• WHAT IS BEING ASKED
What follows is a set of records; repeat them exactly, without the pictures.

[Web page caption snippets]
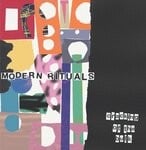 cover: Modern Rituals - Cracking Of The Bulk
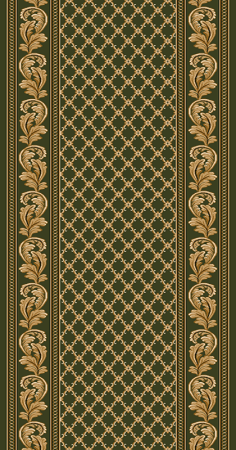 Дорожка Акварель 20652 22111 Дорожка Акварель 20652 22111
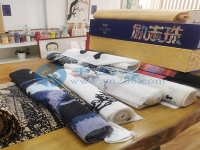 做珠繡外發(fā)手工活項目，從打工到創(chuàng)業(yè)不是難事
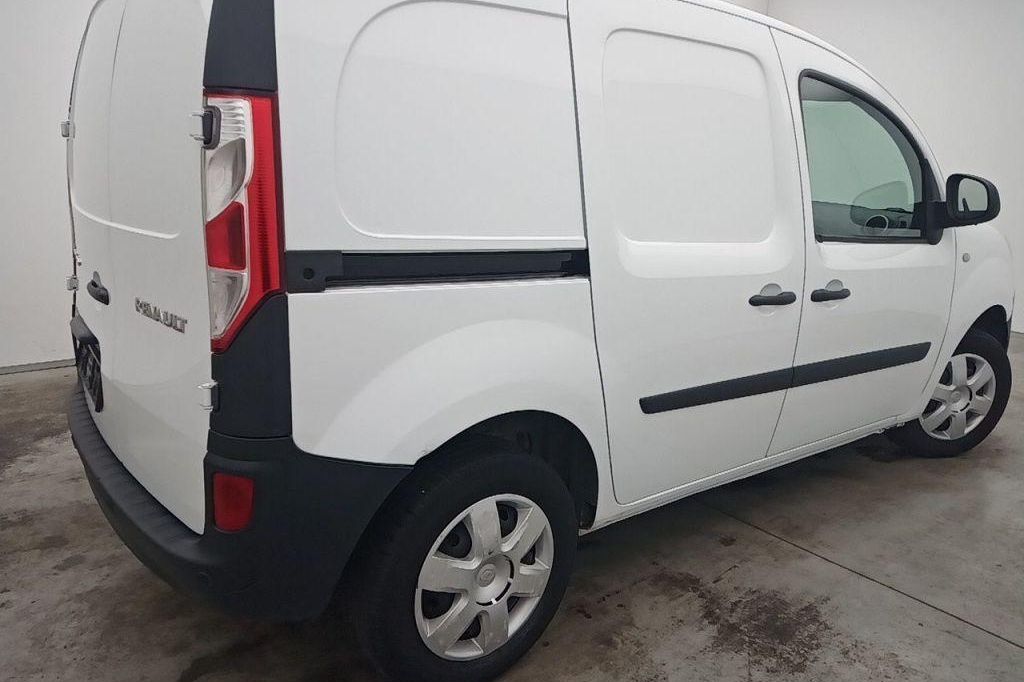 Renault Kangoo 2017 фото 7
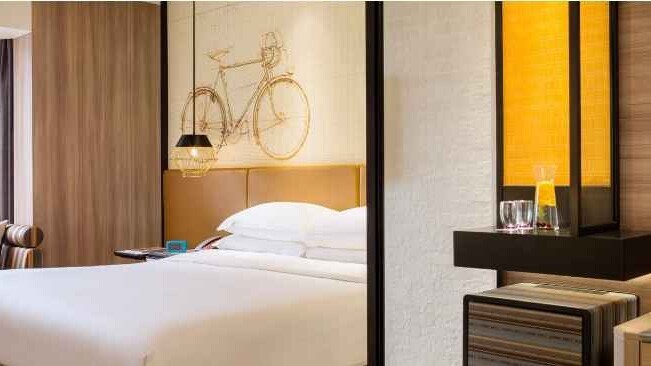 JEN Singapore Tanglin by Shangri-La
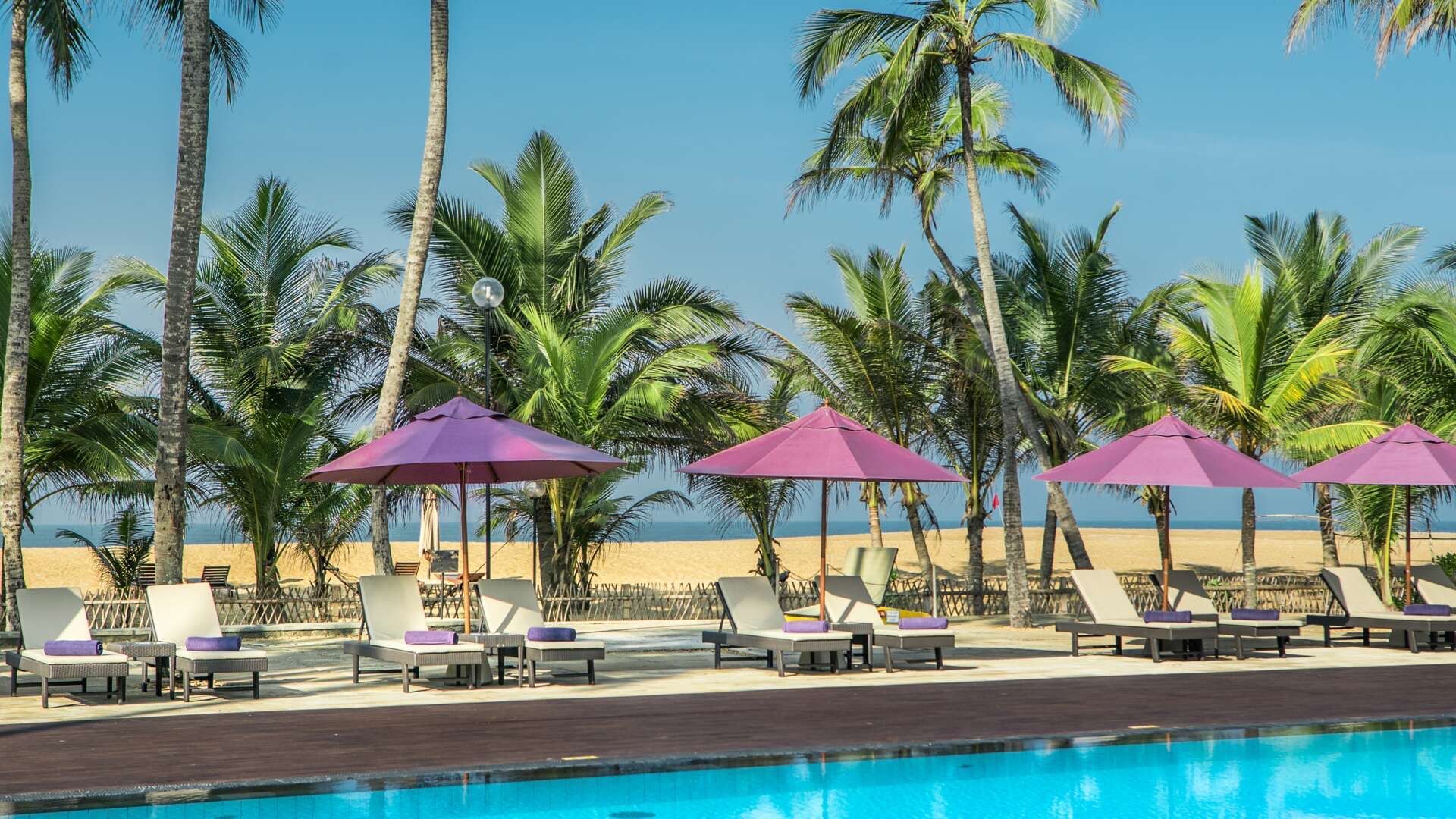 Avani Kalutara Resort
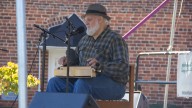 Mountain music festival to return to Mars Hill with new…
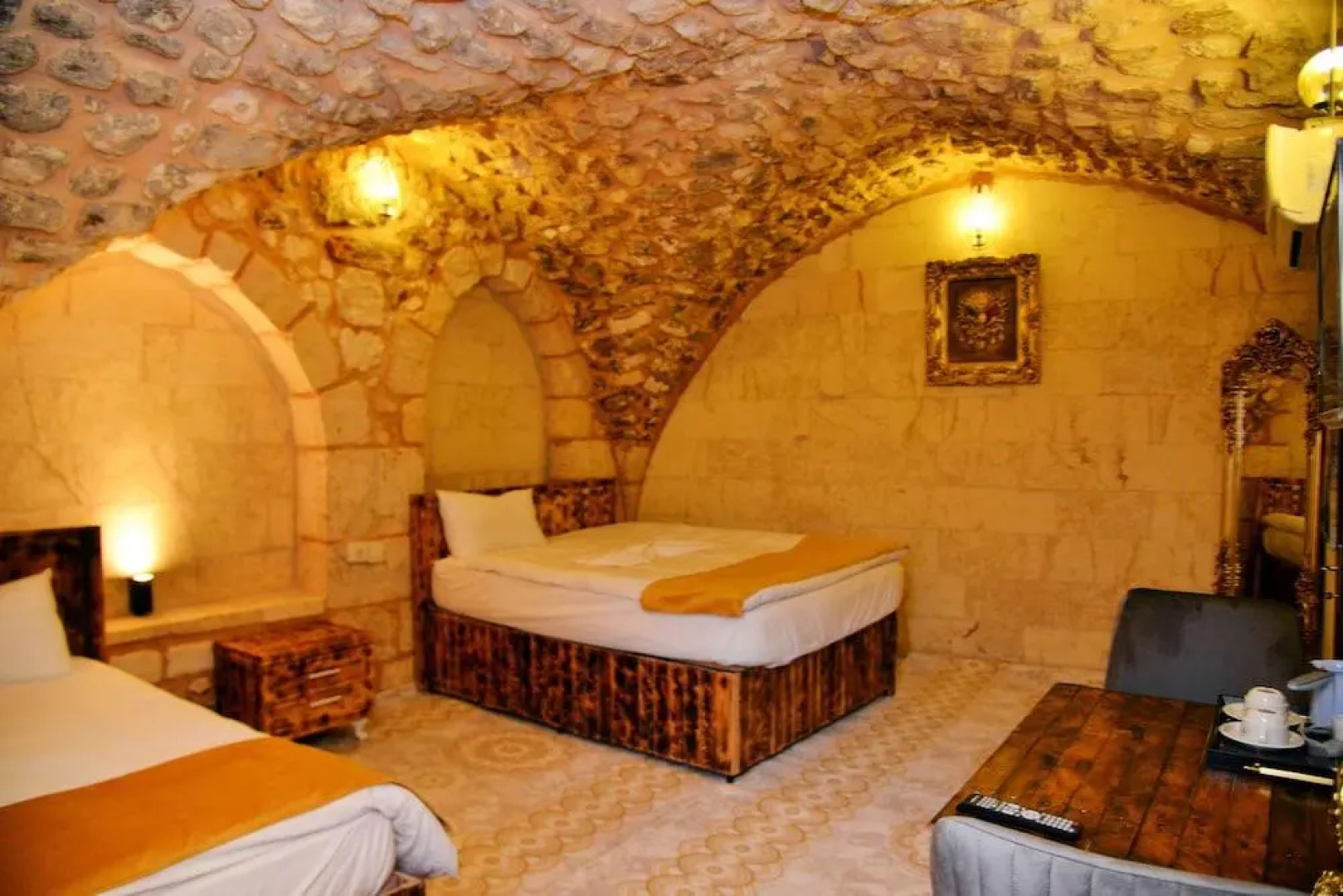 Бутик-Отель Karagül Otel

• SOLUTION TO THE PROBLEM
 cover: Modern Rituals - Cracking Of The Bulk
 Дорожка Акварель 20652 22111 Дорожка Акварель 20652 22111
 做珠繡外發(fā)手工活項目，從打工到創(chuàng)業(yè)不是難事
 Renault Kangoo 2017 фото 7
 JEN Singapore Tanglin by Shangri-La
 Avani Kalutara Resort
 Mountain music festival to return to Mars Hill with new…
 Бутик-Отель Karagül Otel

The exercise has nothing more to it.